Find matching file in bash with variable file names but consisent prefixs

As part of a bash the below line strips off a numerical prefix from directory 1 to search for in directory 2 .

for file in /home/cmccabe/Desktop/comparison/missing/*.txt
do
    file1=${file##*/}    # Strip off directory
    getprefix=${file1%%_*.txt}
    file1="/home/cmccabe/Desktop/comparison/final/${file1%%_*.txt}_*.vcf"  # look for matching file
    if [[ -f "$file1" ]]

files with prefix -- directory 1

F113.txt
H456.txt

files searched for prefix

F113_epilepsy.vcf
H456_marfan.vcf

In the files above F113.txt matches F113_epilepsy.vcf and H456.txt matched H456_marfan.vcf

Currently, I am not getting a match returned presumably because the portion after the _ is variable, but I am not sure if the above bash will find the file using the * . Thank you :).

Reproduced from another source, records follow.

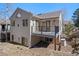 A view of the rear exterior highlighting the deck with a black railing, and the beige siding at 28110 Meadow Dr, Evergreen, CO 80439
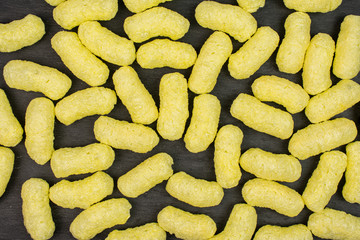 Lot of whole salted yellow corn puff flatlay on grey stone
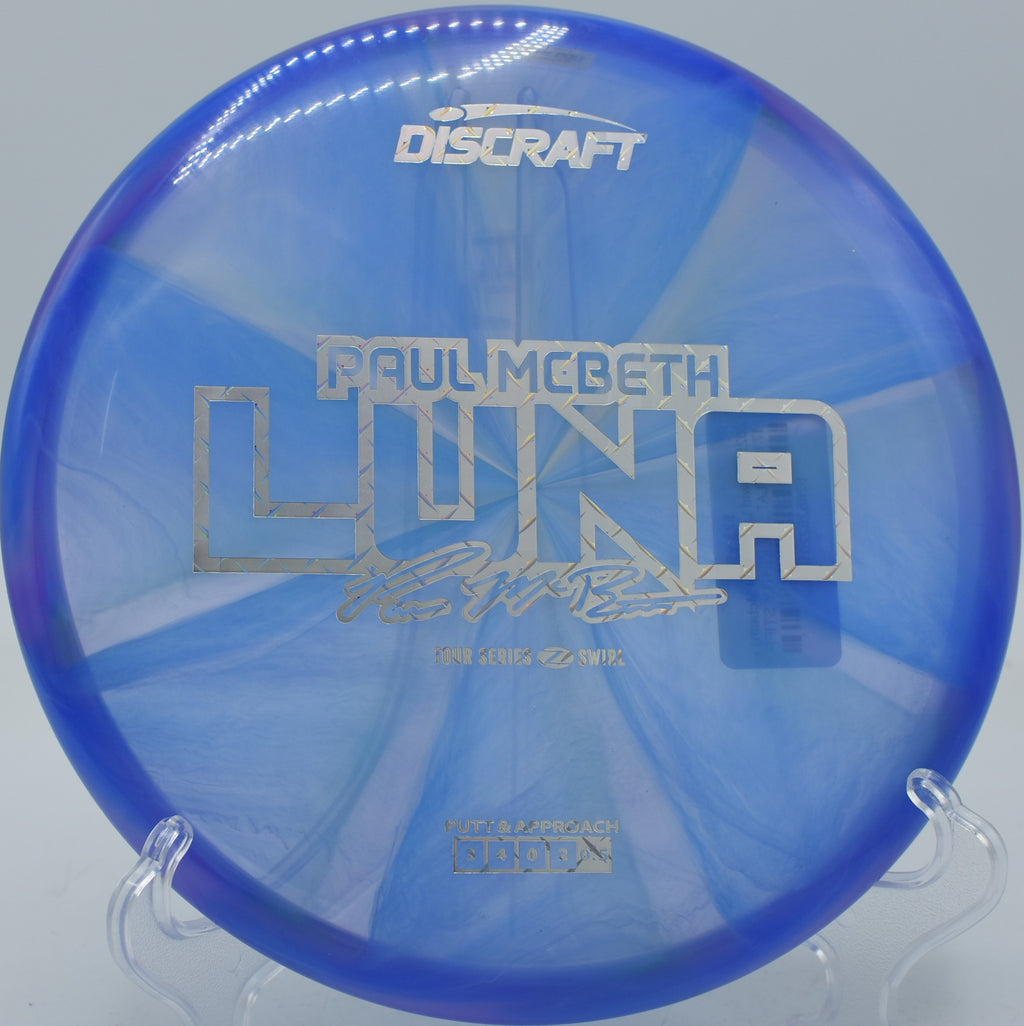 Z Swirl Luna shown mid-flight on a smooth hyzer at Bear Mountain Disc Golf Course in New York.

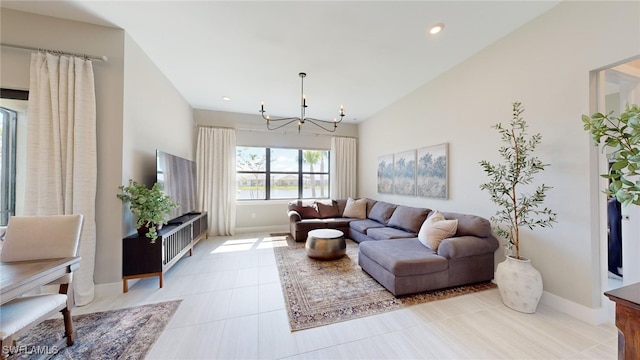 living room with a notable chandelier and light tile patterned flooring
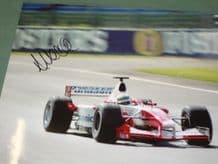ALLAN McNISH Signed on TOYOTA F1 action photo(10x8)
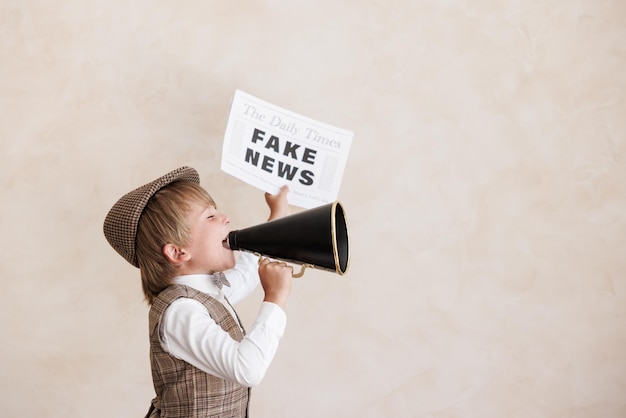 Newsboy shouting against grunge wall background Boy selling fake news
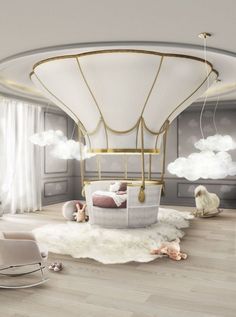 a child's room with a hot air balloon bed and rocking chair in it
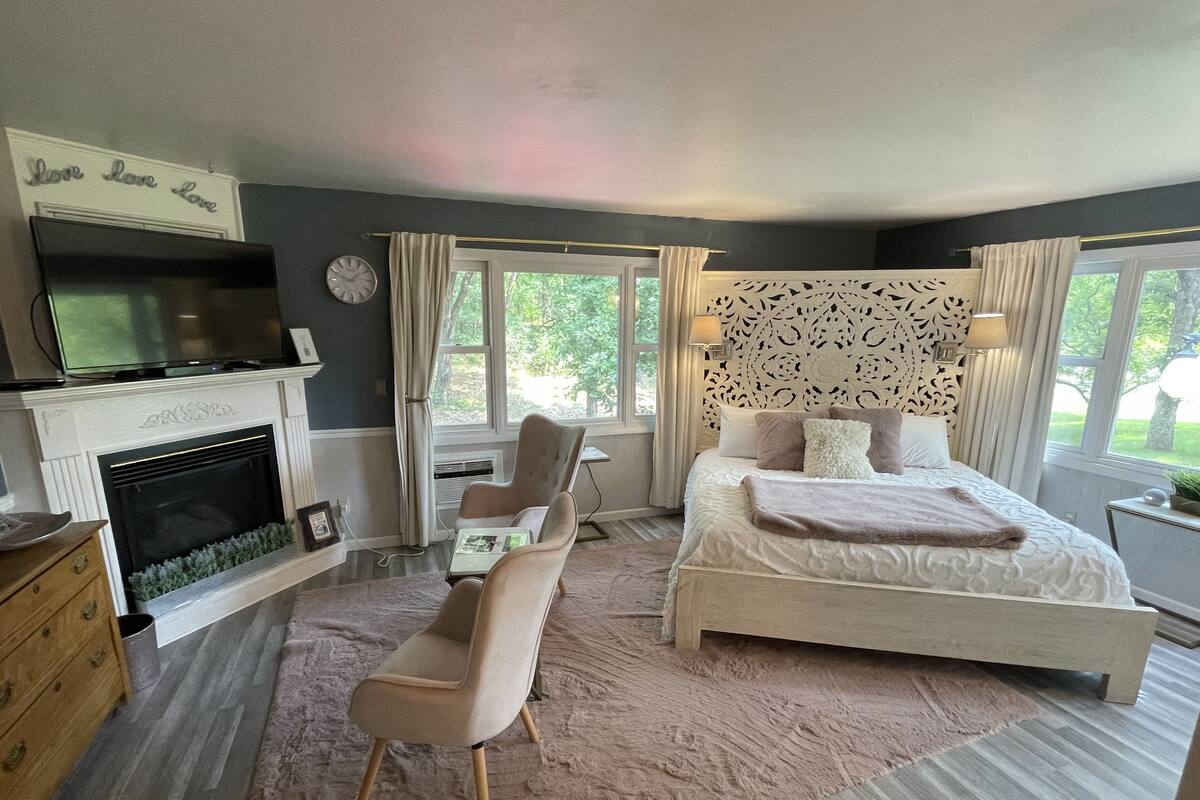 A bedroom with a bed, a chair, a desk, a fireplace, and a television.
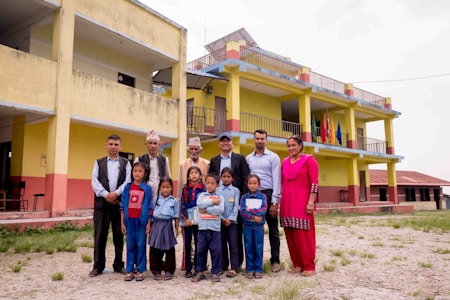 A group of adults and children are standing in front of a colorful two-story school building with balconies and flags. The adults are dressed in formal and traditional attire, and the children are wearing school uniforms.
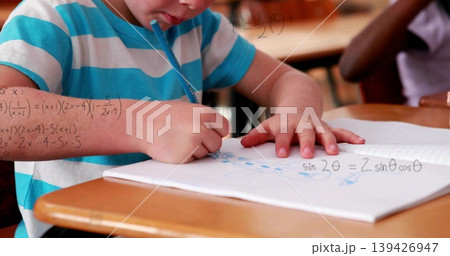 Writing student in turquoise tee leaning on spiral notebook in classroom, solving math with pencil Writing student in turquoise tee leaning on spiral notebook in classroom, solving math with pencil 139426947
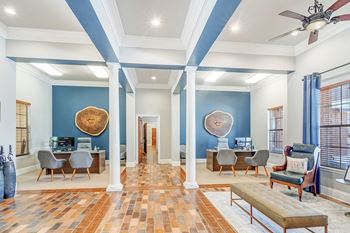 A living room with blue walls and furniture and a ceiling fan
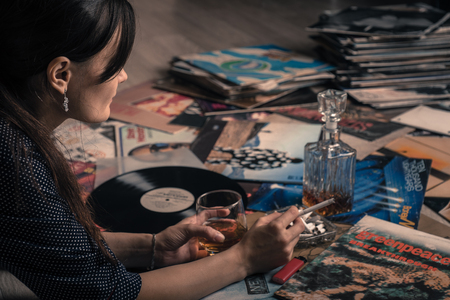 RUSSIA. Portrait of a beautiful girl, glass of whiskey, listening to music from vinyl LP records vintage.のeditorial素材
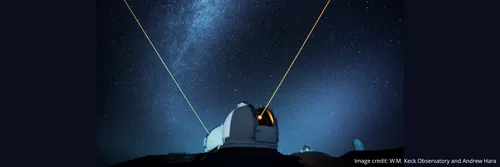 Keck Observatory in Hawaii, taken at night with lasers shining into the sky
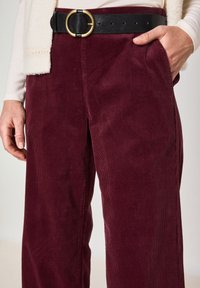 Pantaloni di velluto a coste bordeaux con un design a gamba larga, dotati di una cintura in pelle nera con una fibbia circolare dorata e tasche laterali.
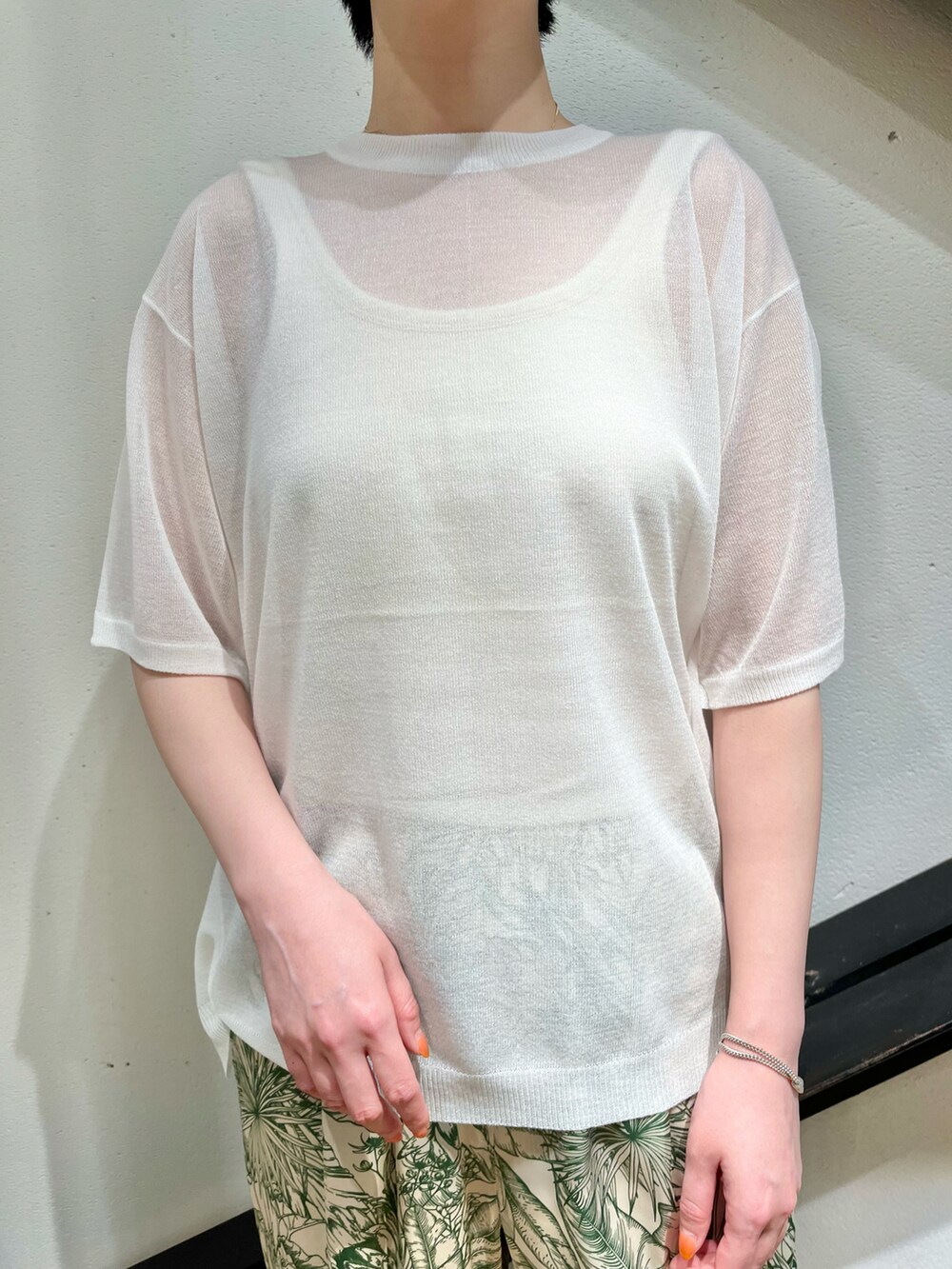 ホワイト系のニット/セーター、グリーン系のその他パンツ、ブラック系のサンダルを着用したレディースの夏コーディネートの4枚目の写真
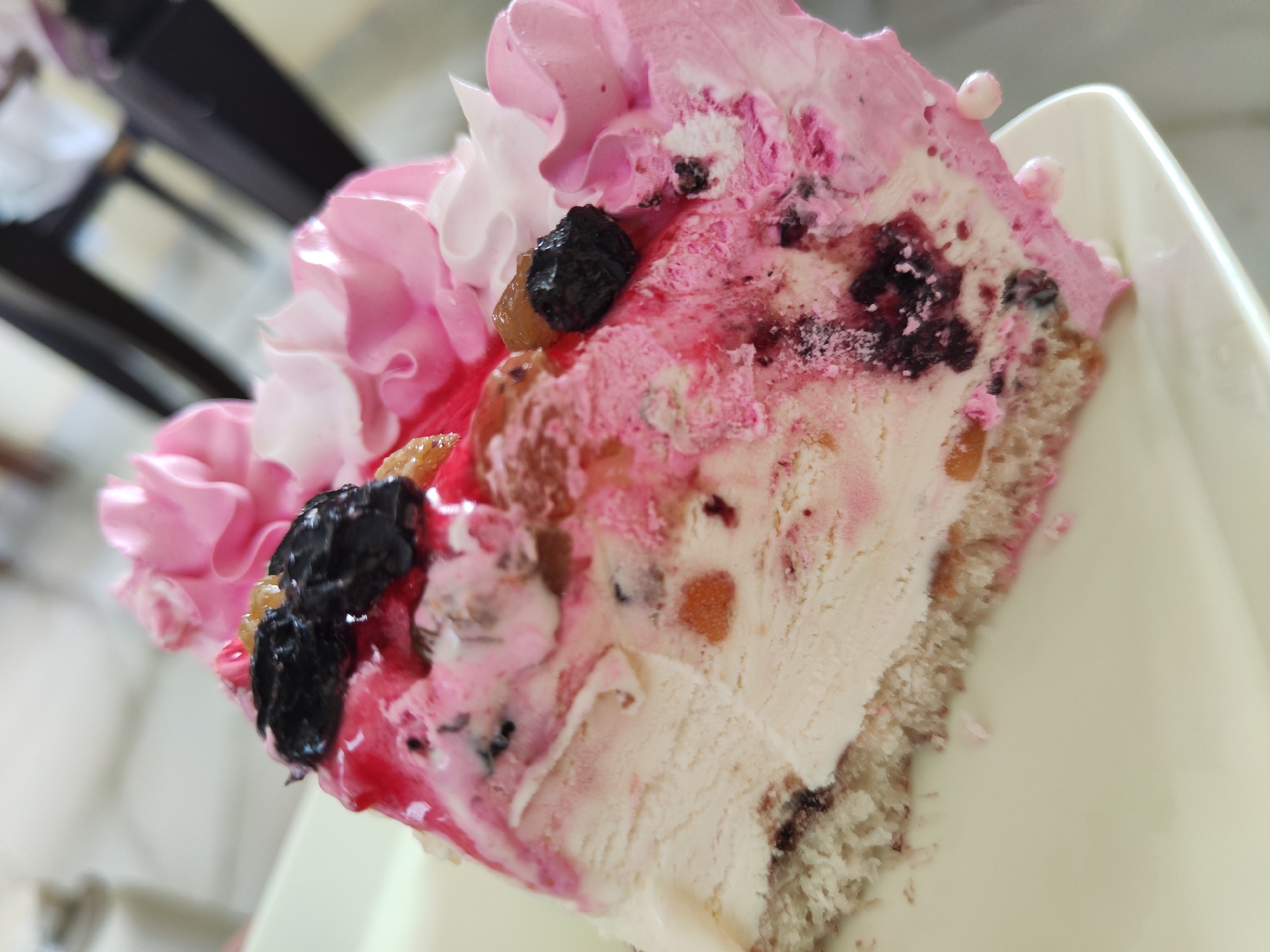 The image shows a slice of cake, likely served on a white plate. The cake features a base of sponge cake, topped with a layer of ice cream, and adorned with pink frosting, white swirls, and scattered blueberries. The scene lacks identifiable markers to specify the city or location.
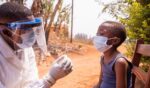 A young child in Africa is given a shot for Ebola.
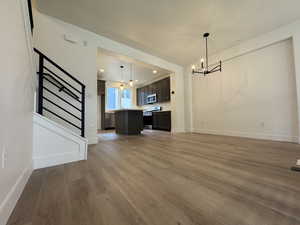 Unfurnished living room with hardwood / wood-style floors and a chandelier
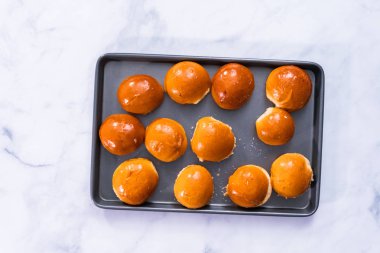 Tatlı çörek mini hamburger ekmeği bir fırın tepsisine.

Filename expansion doesn't happen inside double-quotes or on assignments. Try changing:

    file1="/home/cmccabe/Desktop/comparison/final/${file1%%_*.txt}_*.vcf"  # look for matching file

to:

    file1=$(printf '%s\n' "/home/cmccabe/Desktop/comparison/final/${file1%%_*.txt}_"*.vcf) # look for matching file

Note that the asterisk that is being used as a filename matching character has been moved out of the quoted portion of the string, and the expansion is done in an argument to a utility ( printf in this case) instead of in a string being assigned to a variable. Without the command substitution, you would be assigning a literal asterisk to the variable instead of expanding it to a pathname of an existing file (or files).

1 Like

What would your code need to do if there was more than one file that matches your patterns? The value of file1 could be list. Would that be a problem for you?

Robin

1 Like

The wildcard globbing can match none, one, or several files.
Perhaps you don't need the wildcard globbing at all? The following simply strips off the .txt and appends .vcf

 file1="/home/cmccabe/Desktop/comparison/final/${file1%%.txt}.vcf"  # look for matching file
1 Like

Take a look at post #1 in this thread again. Using the above code won't allow the code to take the filenames:

F113.txt
H456.txt

in one directory and find the corresponding files:

F113_epilepsy.vcf
H456_marfan.vcf

in the other directory.

Using the code suggested in post #2 will have the if statement:

    if [[ -f "$file1" ]]

take the then branch if there is exactly one matching file and take the else branch (if there is one) if there are no matching files and if there is more than one matching file. But, of course, we weren't shown the then or else branches so we can't make an educated guess at whether or not matching multiple files is an issue that the code is prepared to handle.

2 Likes

Thank you all :slight_smile:

Each filename prefix is unique and will only occur once. :slight_smile: